Posted: April 12, 2013 - 12:06am

ANCHORAGE — A federal agency is taking steps to determine whether cruise ships and other vessels that run up to southeast Alaska glaciers are harming harbor seals, which use ice floes from the glaciers as nurseries for their pups.

The National Marine Fisheries Service will conduct workshops in Juneau and Yakutat on April 22-23, seeking public comment on vessel interaction with harbor seals in glacial fjords.

Yakutat, a community of 622 at the top of Alaska’s Panhandle, has one of the highest uses of subsistence resources in the state, and harbor seals are the backbone of its subsistence food.

“We use the fur. We use the fat. It’s a substantial part of our diet, the meat,” said Victoria Demmert, president of the Yakutat Tlingit Tribe.

More than a decade ago, hunters reported seeing fewer harbor seals and said the suspected cause was disturbance by cruise ships.

Yakutat is situated at the head of Yakutat Bay, which leads to Disenchantment Bay and the spectacular Hubbard Glacier, which stretches 76 miles to Mount Logan in Canada’s Yukon Territory. The glacier at tidewater is 6 miles wide and more than 300 feet high.
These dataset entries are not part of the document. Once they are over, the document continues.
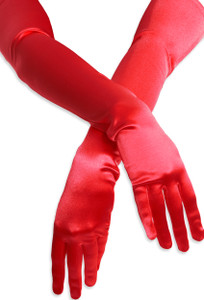 Satin Opera Gloves Red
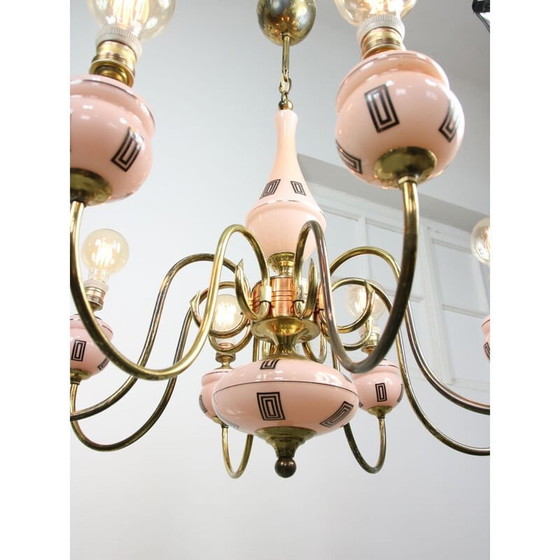 Image 1 of Mid Century kroonluchter van messing en glas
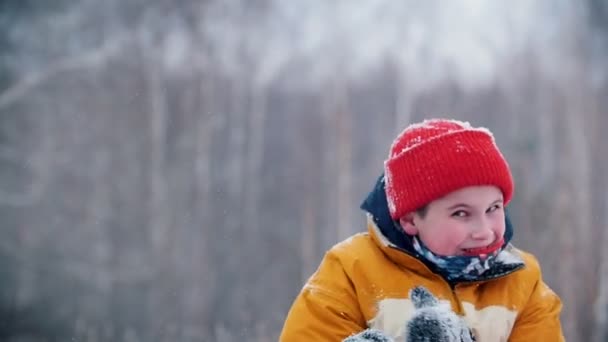 Bosque de invierno. Un niño divirtiéndose jugando bolas de nieve. Movimiento lento — Vídeos de Stock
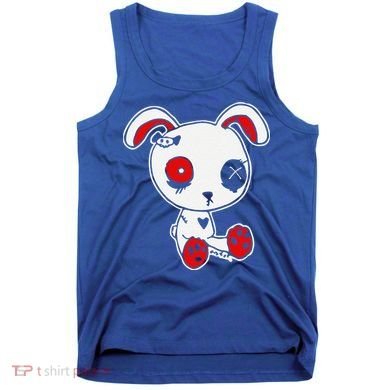 Goth Bunny Doll Lazy Halloween Costume Scary Creepy Gothic Tank Top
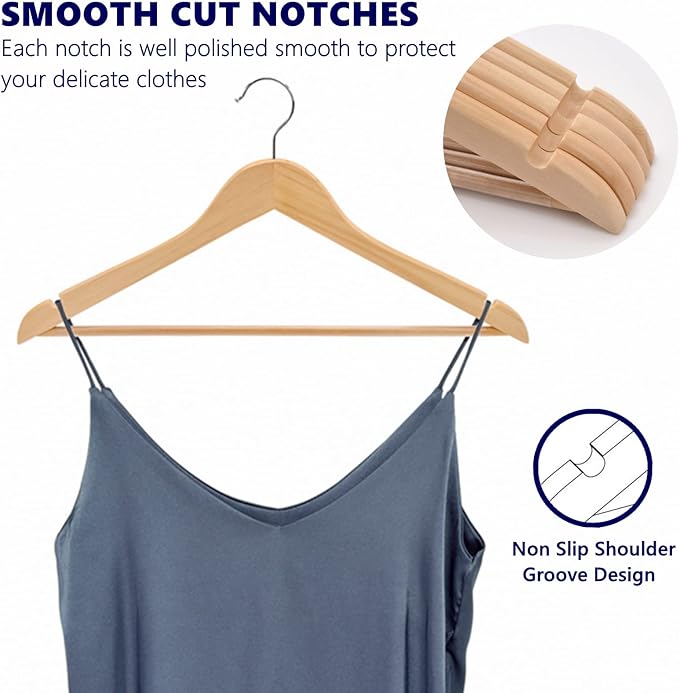 Amber Home 20 Pack Wooden Coat Hangers, Natural Wood Suit Hangers with Non-Slip Pant Bar, Clothes Hangers for Closet Organization, Shirts, Jackets, Dresses, and Pants (Natural, 20)
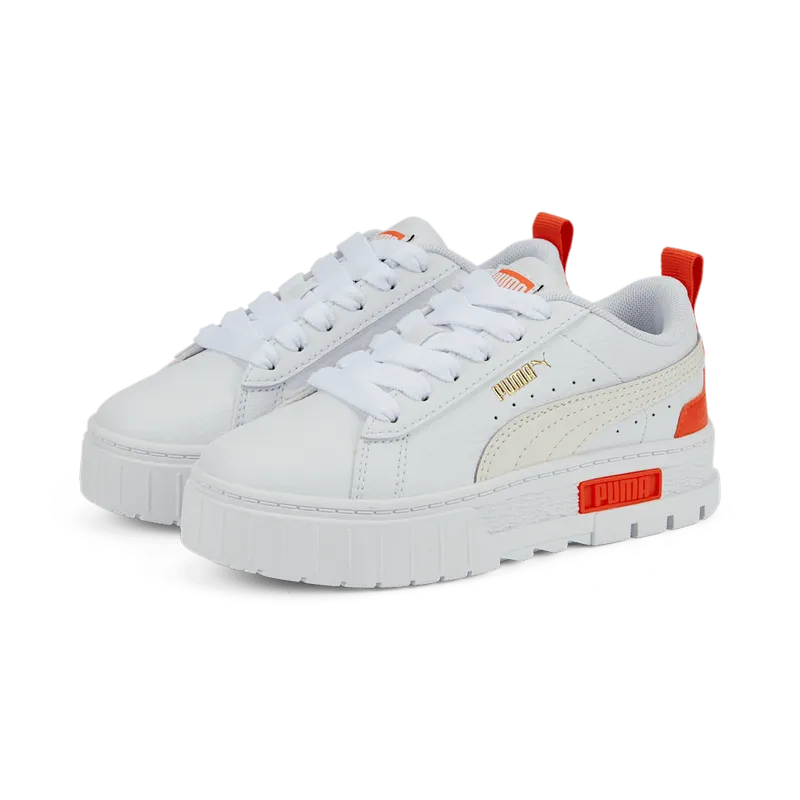 PUMA Mayze Leather Kids’ White/Vaporous Gray (384528-06)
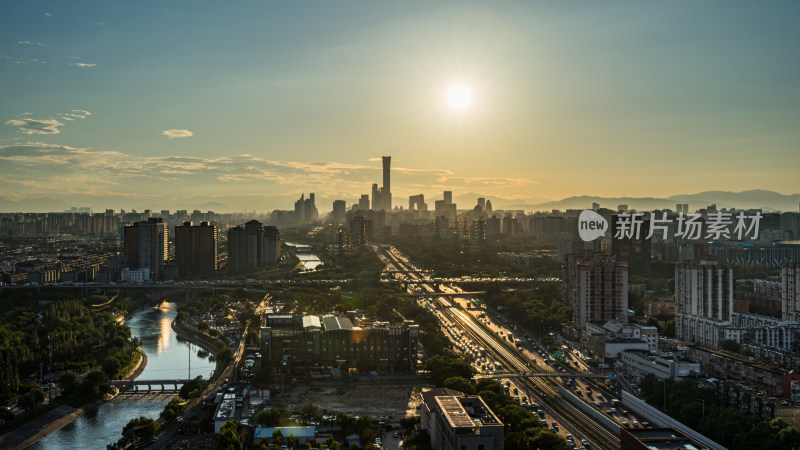 北京阳光照耀下的城市建筑鸟瞰全景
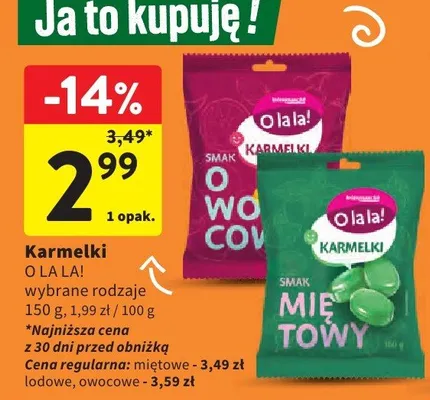 Karmelki O La La! smak owocowy wybrane rodzaje promocja w Intermarche
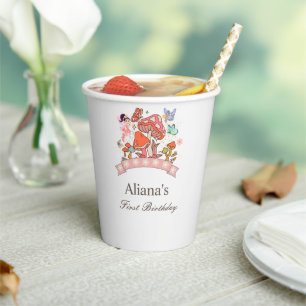 Whimsical  Fairy Tale Green First Birthday Paper Cups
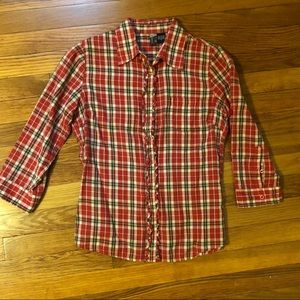 Red and white plaid button down shirt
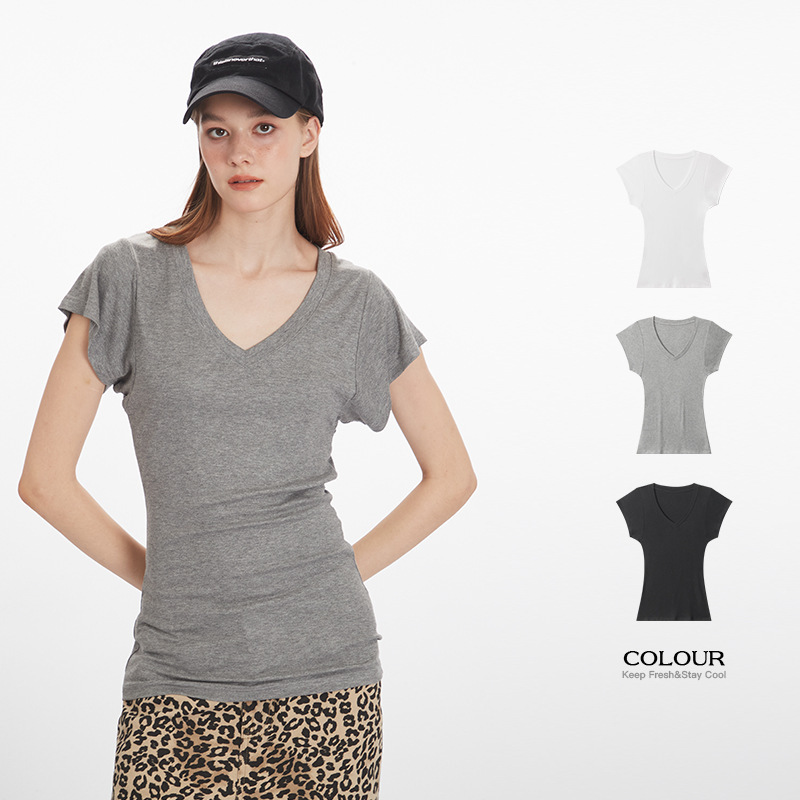 Women's HeyHenry Slim-fit Waisted Shoulder Short-sleeved T-shirt for Summer 2025 Solid Color Slimming Design Sense V-neck Top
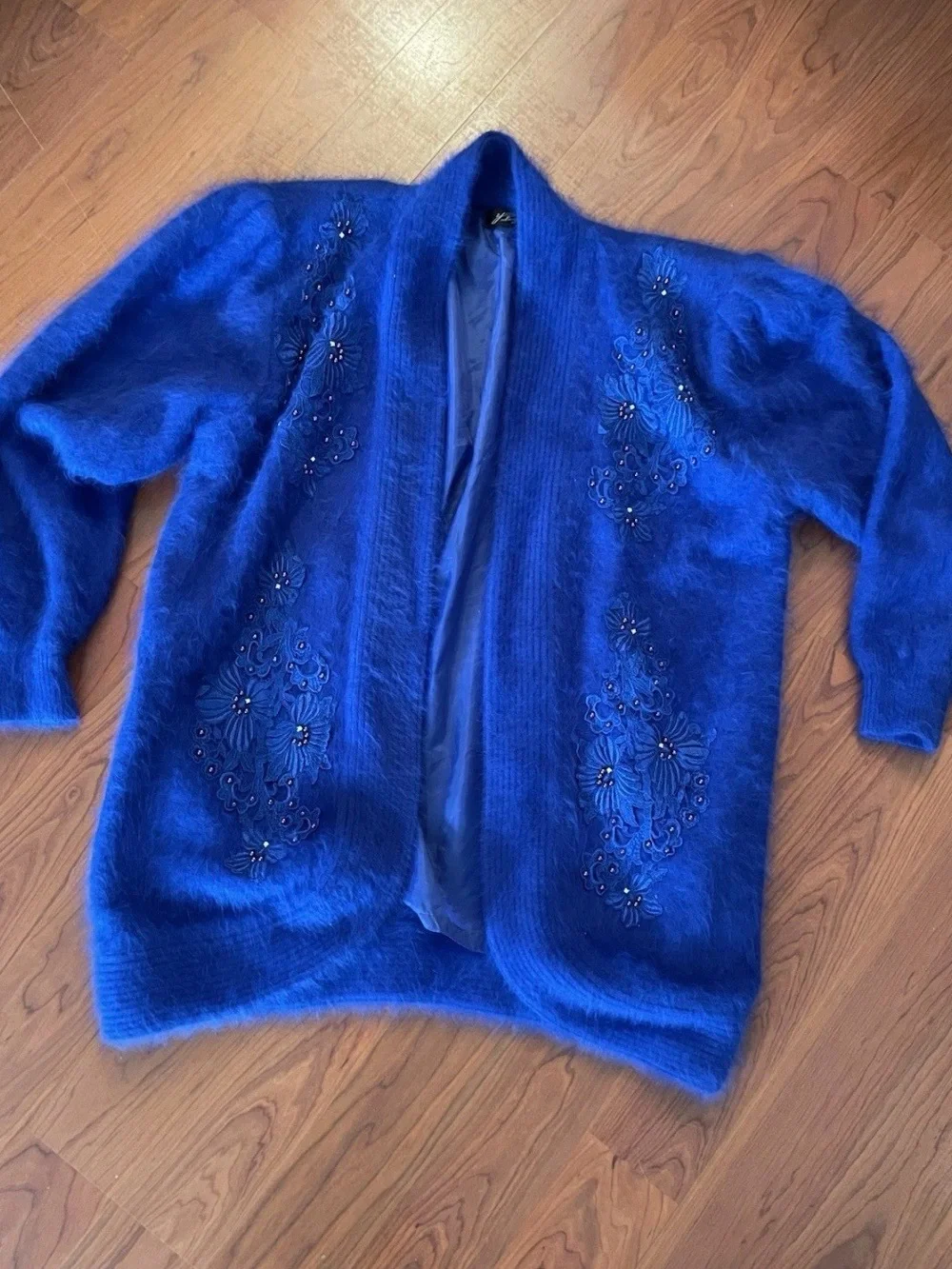 VTG 80% Angora Royal Blue Cardigan Sweater Jacket Beaded 80s Korea Puff Slv XL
Glacial ice that falls into the ocean provides resting places for one of the world’s largest congregations of harbor seals.
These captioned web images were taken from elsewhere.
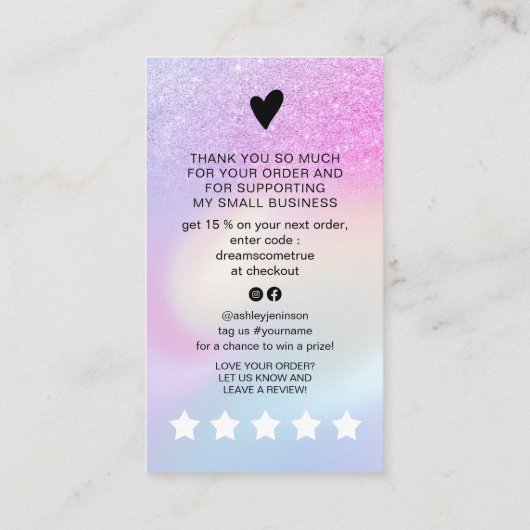 ラグジュアリーレインボーグリッターグラデーションホログラフィックサンキュー 名刺 (裏面)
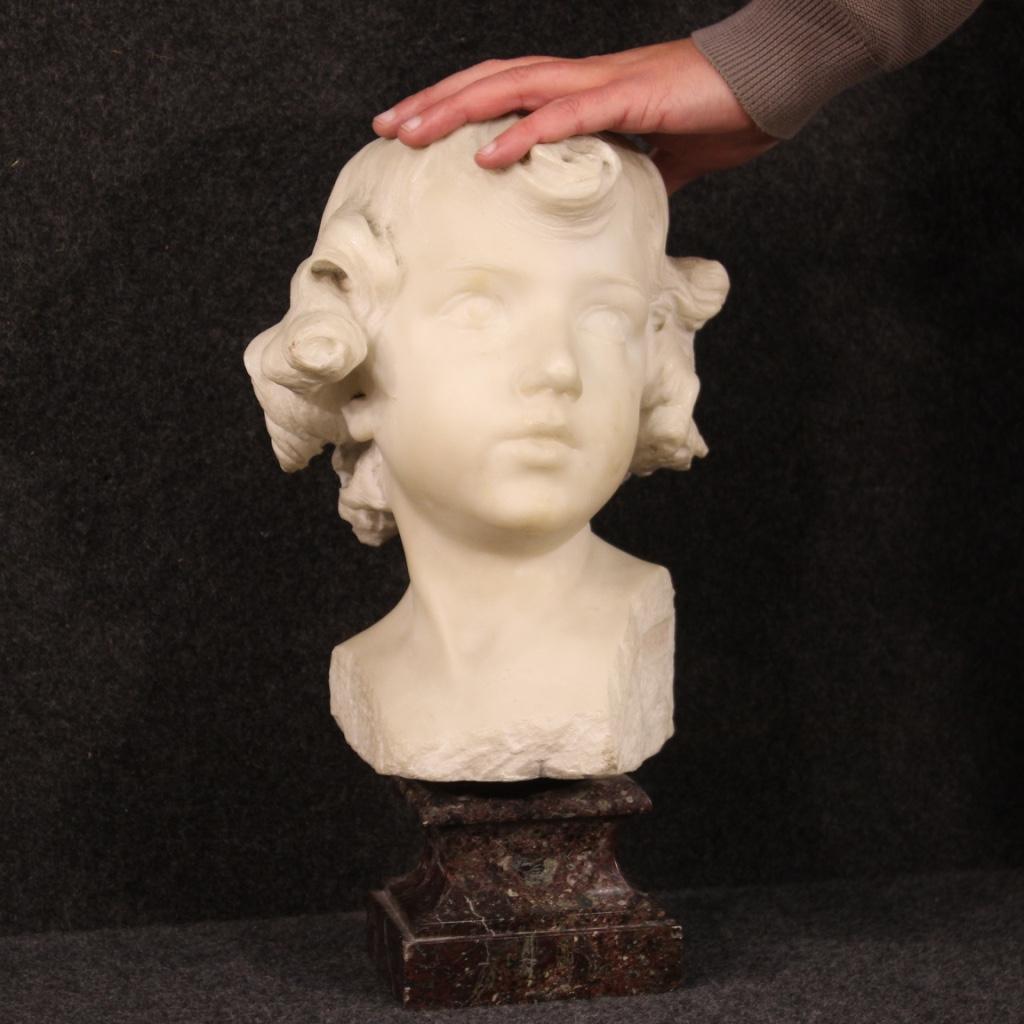 D. Razeti 20th Century Marble Italian Signed Sculpture Cherub Head, 1900 8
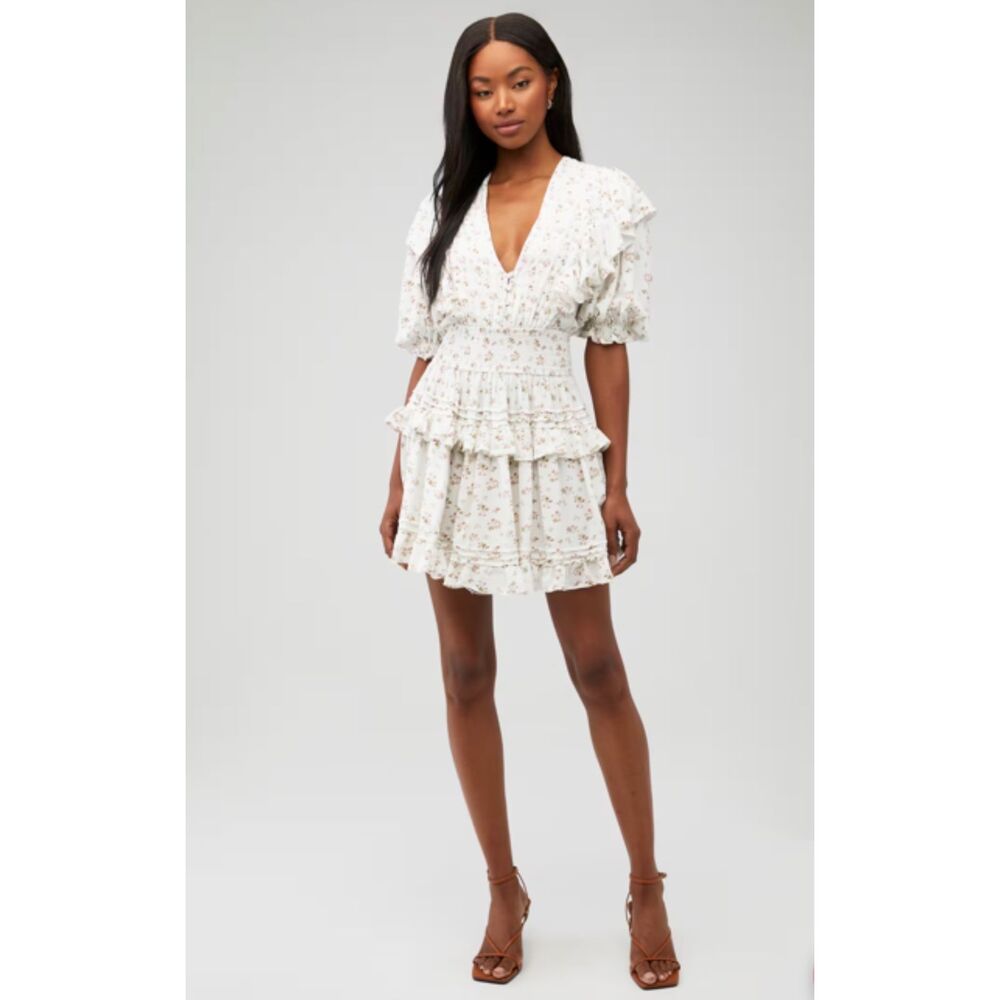 Jen's Pirate Booty Petit Ruffle V-Neck Short Sleeve Floral Mini Dress Size Small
Pupping and molting seasons lasts from May through August. Pups bulk up on mother’s milk during four to six weeks of nursing. Pups burn crucial calories needed to survive their first winter if disturbed and forced into the chilly water.

Cruise ships have a stated policy of moving no closer than 500 meters to seals. In a 2010 study, National Marine Mammal Laboratory researchers observed ships breaking that barrier 85 percent of the time as the slow-turning vessels negotiated ice fields to reach close views of the glacier.
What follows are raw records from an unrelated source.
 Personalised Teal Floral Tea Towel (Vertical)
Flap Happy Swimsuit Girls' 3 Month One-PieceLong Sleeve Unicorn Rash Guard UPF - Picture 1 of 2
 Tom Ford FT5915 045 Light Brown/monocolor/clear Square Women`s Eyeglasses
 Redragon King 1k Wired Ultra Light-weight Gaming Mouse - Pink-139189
NMFS will collect testimony for potential conservation measures in Disenchantment Bay and other Alaska glacial habitats, including Glacier Bay and Aialik Bay, where harbor seal populations have declined.

Jon Kurland, assistant regional administrator for the agency’s protected resources division, acknowledged that the issue of harbor seal disturbance has been around for years but said court-mandated deadlines for other species took precedence.

The agency officially is giving advance notice of proposed rulemaking and has offered no specifics rules to be considered.

“We don’t feel like we’re quite well informed enough to put out a specific regulatory proposal,” Kurland said.

The agency could propose speed limits or observer requirements or simply close off some areas. It could order more research or decide no action is needed.

Demmert expects a big turnout in Yakutat and said she hoped it would not take another 10 to 15 years for rules protecting seals to be put in place. As many as five ships can be found some days in Disenchantment Bay, she said.

“We’re not against people being able to see what we have,” she said. “We just don’t want them to ruin it in the process. It isn’t everybody’s right to abuse the resource.”